Primary care physicians show large deficits in familiarity with and knowledge of chronic prostatitis/chronic pelvic pain syndrome along with significant variability in their approaches to diagnosis and treatment.
"We undertook this study because multiple epidemiological studies indicate that CP/CPPS is very common and it is likely that men with typical symptoms will present first to a primary care practitioner," said first author J. Quentin Clemens, MD, MSci. "Our findings that these physicians generally have limited experience with this condition suggest they should be the target for future educational efforts. Such a strategy will result in improved patient care by at least enabling an earlier diagnosis and referral to specialists with the knowledge and expertise to provide more directed management."

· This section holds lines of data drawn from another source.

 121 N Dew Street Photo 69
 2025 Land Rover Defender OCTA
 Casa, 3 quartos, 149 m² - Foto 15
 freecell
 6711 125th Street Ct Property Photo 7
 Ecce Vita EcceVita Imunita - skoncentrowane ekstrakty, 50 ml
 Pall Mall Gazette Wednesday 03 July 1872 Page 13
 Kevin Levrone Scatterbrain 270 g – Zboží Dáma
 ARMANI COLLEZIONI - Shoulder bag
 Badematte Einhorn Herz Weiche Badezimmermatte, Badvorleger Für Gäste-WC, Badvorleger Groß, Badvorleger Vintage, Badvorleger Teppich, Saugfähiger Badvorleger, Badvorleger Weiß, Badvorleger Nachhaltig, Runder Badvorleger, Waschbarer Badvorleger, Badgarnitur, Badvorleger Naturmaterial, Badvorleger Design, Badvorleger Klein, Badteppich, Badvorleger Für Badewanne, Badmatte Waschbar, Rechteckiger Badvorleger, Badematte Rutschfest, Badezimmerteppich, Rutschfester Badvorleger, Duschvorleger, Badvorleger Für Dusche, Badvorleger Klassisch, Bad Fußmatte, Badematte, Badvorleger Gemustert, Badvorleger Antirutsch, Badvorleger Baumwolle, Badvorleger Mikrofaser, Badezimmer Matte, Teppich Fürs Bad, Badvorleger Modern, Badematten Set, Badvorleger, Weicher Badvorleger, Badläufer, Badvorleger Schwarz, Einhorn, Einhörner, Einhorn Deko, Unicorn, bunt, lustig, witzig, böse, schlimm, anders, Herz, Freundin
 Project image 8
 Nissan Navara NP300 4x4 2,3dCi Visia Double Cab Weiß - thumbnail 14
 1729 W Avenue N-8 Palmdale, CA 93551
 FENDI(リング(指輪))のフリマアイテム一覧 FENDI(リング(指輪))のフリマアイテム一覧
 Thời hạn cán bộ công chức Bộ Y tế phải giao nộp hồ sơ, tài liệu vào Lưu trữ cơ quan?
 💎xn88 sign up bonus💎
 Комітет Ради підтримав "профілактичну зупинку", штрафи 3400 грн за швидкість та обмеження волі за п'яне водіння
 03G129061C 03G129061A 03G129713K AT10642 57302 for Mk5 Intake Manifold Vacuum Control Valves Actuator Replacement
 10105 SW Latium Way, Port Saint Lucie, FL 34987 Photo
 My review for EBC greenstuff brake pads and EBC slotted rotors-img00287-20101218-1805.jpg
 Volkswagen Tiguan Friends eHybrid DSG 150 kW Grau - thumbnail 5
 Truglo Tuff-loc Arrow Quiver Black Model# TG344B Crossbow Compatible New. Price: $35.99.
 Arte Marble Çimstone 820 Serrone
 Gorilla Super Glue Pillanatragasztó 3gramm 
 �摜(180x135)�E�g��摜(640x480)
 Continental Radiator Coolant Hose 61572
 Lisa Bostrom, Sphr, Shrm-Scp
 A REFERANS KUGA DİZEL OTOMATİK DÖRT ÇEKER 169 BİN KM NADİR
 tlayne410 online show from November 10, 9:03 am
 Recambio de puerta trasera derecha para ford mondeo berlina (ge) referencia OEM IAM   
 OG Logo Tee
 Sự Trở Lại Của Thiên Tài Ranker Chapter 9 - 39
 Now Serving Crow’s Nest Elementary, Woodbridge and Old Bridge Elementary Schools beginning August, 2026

The study was funded by the National Institute of Diabetes and Digestive and Kidney Diseases, and was conducted by Dr. Clemens in collaboration with colleagues from the University of Illinois at Chicago, UCLA, and the Harvard Medical School, Boston. Dr. Clemens, who was at Northwestern University in Chicago at the time of the study, is now associate professor of urology, University of Michigan, Ann Arbor.
"The patient is a 38-year-old man who complains of nonspecific perineal pain and urinary frequency for several months. He is in a longstanding monogamous relationship, with no history of sexually transmitted diseases or urinary tract infection, a normal prostate exam and urinalysis, and negative urine culture."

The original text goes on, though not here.